Cerpen Romantis Menggemaskan: Kisah Cinta yang Tak Terduga

Posted on

Jadi, bayangin deh, ada dua orang yang awalnya nggak terlalu nyambung, tapi tiba-tiba malah jadi serasi banget. Yang satu, cowok dingin dan cuek, yang satunya, cewek ceria yang selalu bikin suasana jadi lebih hidup.

Keduanya sama-sama nggak ngerti kenapa, tapi malah asyik banget buat saling ngobrol, ketawa, dan kadang ngelakuin hal konyol bareng. Pokoknya, cerpen ini bakal bikin kamu senyum-senyum sendiri, karena kisahnya beneran menggemaskan dan nggak terduga. Yuk, simak kisah cinta mereka yang penuh tawa dan kejutan ini!

 

Kisah Cinta yang Tak Terduga

Perjumpaan yang Tak Terduga

Pagi itu kampus terasa lebih sibuk dari biasanya. Suara langkah-langkah kaki yang terburu-buru bergema di sepanjang lorong kampus, ditambah dengan suara percakapan teman-teman yang berseliweran di sekitar. Aku berjalan pelan, memikirkan tugas yang belum selesai dan jadwal kuliah yang tak ada habisnya. Di pelataran kampus, sepertinya hanya aku yang tidak terburu-buru—menikmati sejenak suasana yang ramai meski terasa hampa.

Kampus ini memang tidak pernah sepi, dan seringkali aku merasa seperti seorang asing di tengah keramaian. Tidak ada teman dekat di sini, dan aku lebih sering menyendiri. Aku selalu duduk di belakang kelas, menghindari kerumunan, dan lebih suka fokus pada tugas daripada bergaul. Mungkin itu sebabnya aku sering dilewatkan begitu saja.

Tapi hari itu, ada sesuatu yang berbeda.

Di dekat bangku panjang, aku melihat seorang gadis berdiri, tampak kebingungan. Kendra. Ya, dia. Aku ingat pertama kali melihatnya dua minggu lalu di kelas teori sastra. Meskipun selalu duduk di belakang, aku sering memperhatikannya tanpa alasan yang jelas. Ada sesuatu tentang dirinya yang membuatku penasaran. Terkadang dia terlihat sangat serius, seperti sedang memikirkan sesuatu yang besar, tapi juga… terlihat rapuh.

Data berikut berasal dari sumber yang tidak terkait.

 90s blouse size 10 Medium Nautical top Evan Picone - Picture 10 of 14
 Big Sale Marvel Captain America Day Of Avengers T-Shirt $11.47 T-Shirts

Kendra berdiri sendiri, matanya melirik ke sekeliling seperti mencari seseorang atau sesuatu. Rambutnya yang ikal itu terurai begitu saja, dan dia mengenakan hoodie putih yang sedikit kebesaran. Punggungnya sedikit membungkuk, seolah-olah dia sedang memikirkan apakah harus melangkah lebih jauh atau hanya tetap berdiri di tempat.

Tanpa sadar, langkahku mempercepat, dan aku merasa aku sudah terlalu dekat untuk mundur. Ini gila. Kenapa aku mendekatinya?

Aku menarik napas dalam-dalam. Sepertinya ini satu-satunya kesempatan yang aku punya untuk berbicara dengannya, jadi aku harus melakukannya.

“Kendra?” suaraku terdengar lebih ragu daripada yang aku harapkan.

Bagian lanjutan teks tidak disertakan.